#BásicosPolExt: Suníes versus chiíes

 |  21 de octubre de 2014

Desde hace más de tres décadas, Arabia Saudí e Irán libran una guerra nada fría por la primacía en Oriente Próximo. En este conflicto de poder, la religión juega un papel clave, como arma arrojadiza y elemento de cohesión. Los saudíes se consideran los estandartes del sunismo, que representa entre el 80 y el 90% de los musulmanes en el mundo. Son la cuna del islam y tienen en su territorio los lugares sagrados de La Meca y Medina. Los iraníes, por su parte, son los guardianes del chiísmo, minoría “enorme”, la religión de los “desposeídos” y los inconformistas del mundo musulmán. Podríamos hablar de Beatles y Rolling Stones, Messi y Ronaldo, o Republicanos y Demócratas. Pero Oriente Próximo no está para bromas.

Las diferencias entre las dos tradiciones son mínimas. Ambas rinden culto a un mismo dios, Alá, se encomiendan a un mismo Corán y a un mismo profeta, Mahoma. Los chiíes (de cha’a, que significa “causa común”, “partido”) son los seguidores de Alí, primo hermano y yerno del profeta Mahoma, a quien consideran su único sucesor. No aceptan que la dirección espiritual y temporal de la comunidad de creyentes (umma) no esté en manos de un descendiente de la familia del profeta. Según ellos, Mahoma aportó al mundo una fe, una tradición (sunna), pero también una familia. Ella es quien debe reinar en el islam.

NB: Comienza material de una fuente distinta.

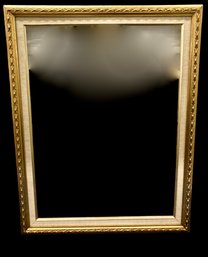 Large Frame Gold With Design And White Cloth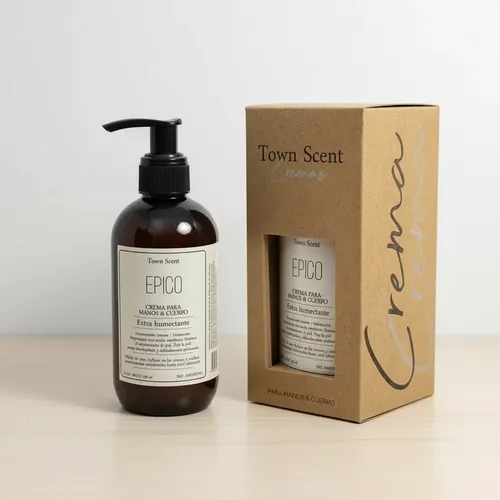 Crema Humectante Manos Y Cuerpo Épico X 250ml Town Scent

El cisma entre suníes y chiíes data del año 632, cuando murió Mahoma y surgió la pregunta de quién lo sucedería. Tras un breve periodo que los musulmanes consideran dorado, con cuatro califas comunes, el conflicto estalla en 661. Ese año Alí, cuarto y último califa bien guiado, marido de la única hija de Mahoma, Fátima, es asesinado en Kufa. La dinastía de los Omeya de Damasco se hace con el poder y Muawiya, gobernador de Siria, se proclama califa. Un grupo de musulmanes lo rechaza y exige que la sucesión recaiga en la línea de parentesco del profeta.

Los seguidores de Alí tienen depositadas sus esperanzas en el hijo de este, Hassan, que será también asesinado en 680. Y luego en Hussein, hermano de Hassan, que se enfrenta al poder en Damasco y también encuentra la muerte, el mismo año que su hermano, en la batalla de Kerbala (Irak), desde entonces uno de los lugares santos del martirologio chií. Este drama marca la ruptura entre chiísmo y sunismo. A partir de ese momento, el trágico destino de los alidas se identifica con “la defensa del justo y del débil oprimido por el tirano”, según el islamólogo Paul Balta.

 

Wahabismo frente a chiísmo

En la actualidad, ese tirano tiene nombre (wahabismo) y apellidos (Arabia Saudí). Se trata de una corriente puritana del sunismo, predominante en la península arábiga, considerada por la monarquía saudí y sus seguidores como el islam original. Los chiíes son sus principales enemigos, “herejes”, “quinta columna” de los enemigos del imán verdadero. “El peligro de los herejes chiíes en la región no es menor que el peligro de los judíos y los cristianos”, proclama una fatwa wahabí.

El chiísmo fue adoptado por los persas tiempo después de haber sido invadidos por los árabes en el siglo VII. Con el paso de los siglos, los persas se han convertido en sus defensores: en la actualidad, el ayatolá Alí Jamenei se proclama a sí mismo como el protector de los chiíes. Fue su predecesor, Ruhollah Jomeini, quien habló, a raíz de la revolución islámica, de un “renacer chií”. Fue el punto de partida para que los chiíes comenzaran a pedir mayores responsabilidades y mejores condiciones de vida en Irak (donde son mayoría), Bahréin, Pakistán, Líbano o Arabia Saudí.

Como explica Catalina Gómez, la amenaza chií ha ayudado a unir al resto de países del golfo Pérsico –golfo árabe, como lo llaman desde la península para enfado de los persas–, que han utilizado el deseo iraní de exportar su revolución y el chiísmo para crear un sentimiento de unidad dentro de sus poblaciones y, al mismo tiempo, atraer apoyo extranjero, siempre interesado en bloquear las ambiciones de Irán, el país más poderoso de la región y con mayor población.